Hier encore, j'étais seul dans mon appartement trop grand pour mon cœur vide, j'observais les gens que je croisais, cherchant en vain de l'inspiration. Aujourd'hui, je suis comblé. Almia et moi vivons un amour si fusionnel, passionné, que je doute parfois de sa véracité. Je me demande encore trop souvent si tout cela n'est pas qu'un rêve.

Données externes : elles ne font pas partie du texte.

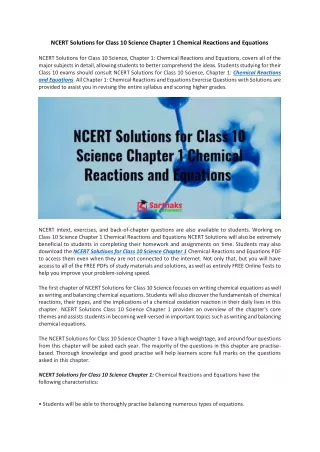 ncert solutions for class 10 science chapter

J'ai l'impression que ces deux époques sont à la fois séparées d'un millénaire et d'une poignée de secondes. Et dire qu’en ce laps de temps je suis passé de l’inconnu du bus à celui qui fait battre son cœur. Pour beaucoup de gens, notre situation ne paraitrait pas idéale : je serais incapable de retourner vers les autres, si je le souhaitais, et je vis dans un monde qui gravite autour d’elle. Mais nous voulons, enfin je voulais, ne rien regretter. J’ai trouvé ce que certains passent toute une vie à chercher. Il faudrait être fou pour y renoncer, surtout pour trois rayons de soleil et une vie bien plus triste. Je ne connais rien du vrai poids des remords, mais Almia a vécu ça. Et elle en est encore tourmentée, agressée intérieurement.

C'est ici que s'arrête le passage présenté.